[Captioned web images]
--- START ---
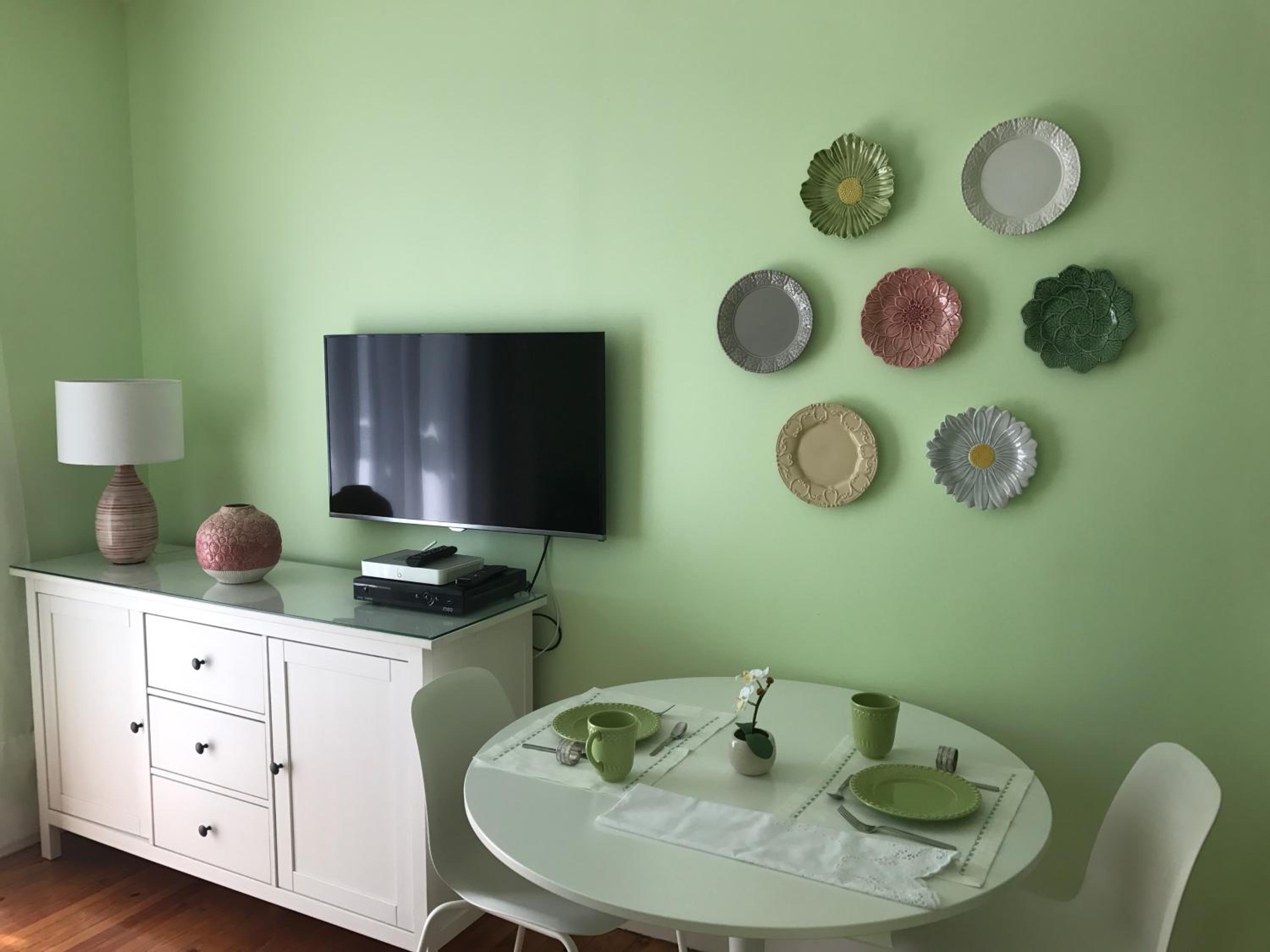 Studio Apartment - Photo 42
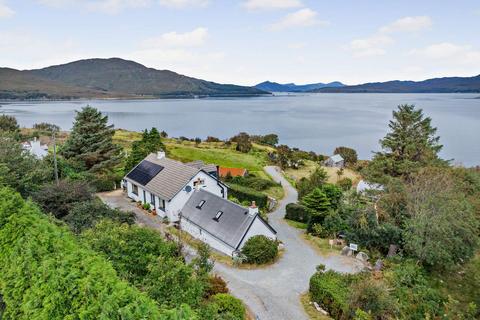 undefined, Broadford, Isle of Skye, Highland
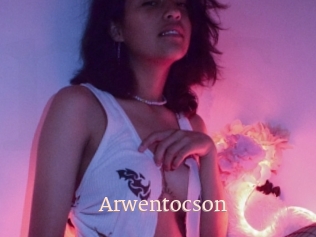 Arwentocson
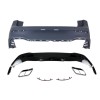 Body kit VW GOLF 8 - R-Line design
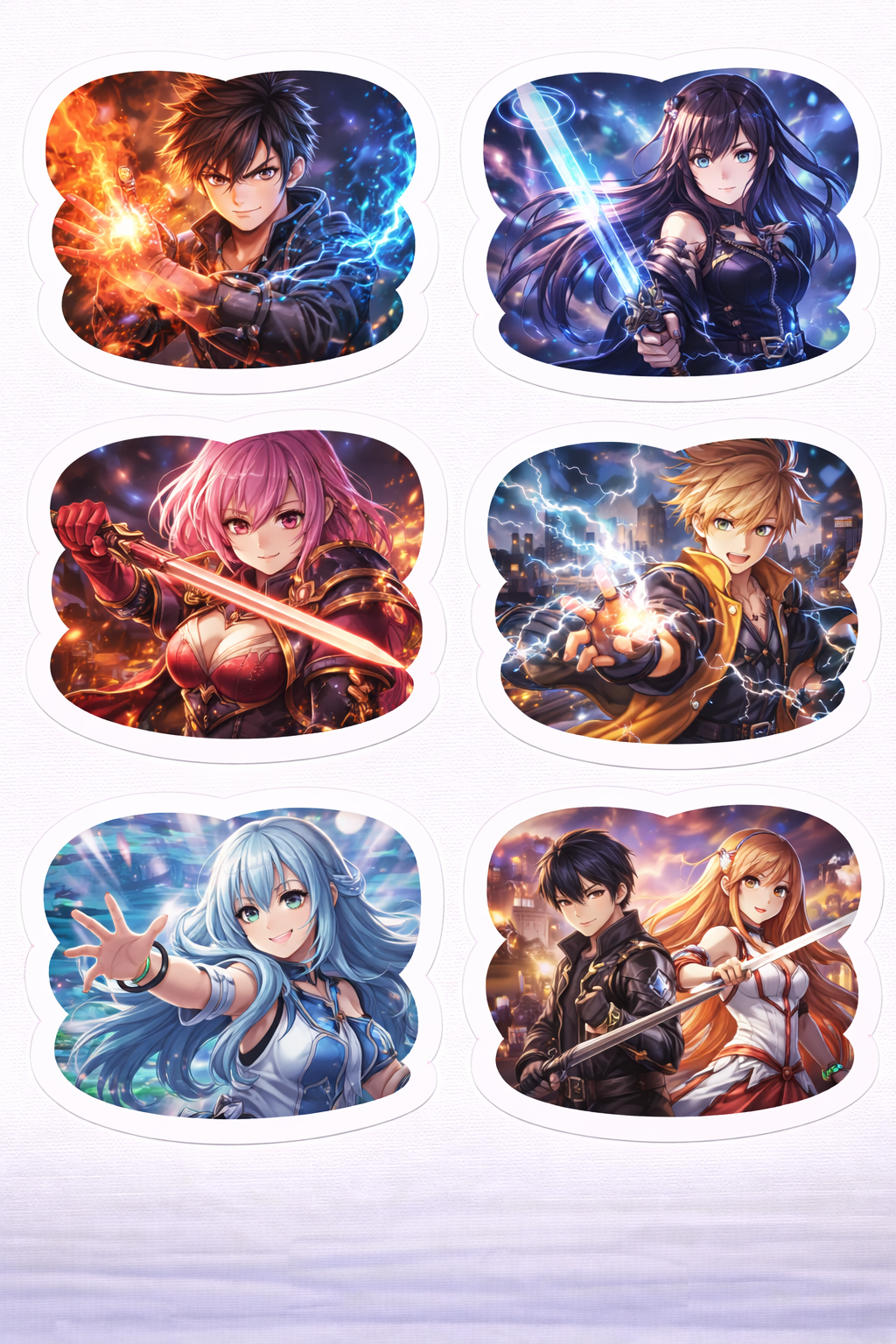 Lunar Eclipse Legends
--- END ---
*Work task*. Each entry should appear again exactly as written, pictures excluded.

*Problem solution*.
 Studio Apartment - Photo 42
 undefined, Broadford, Isle of Skye, Highland
 Arwentocson
 Body kit VW GOLF 8 - R-Line design
 Lunar Eclipse Legends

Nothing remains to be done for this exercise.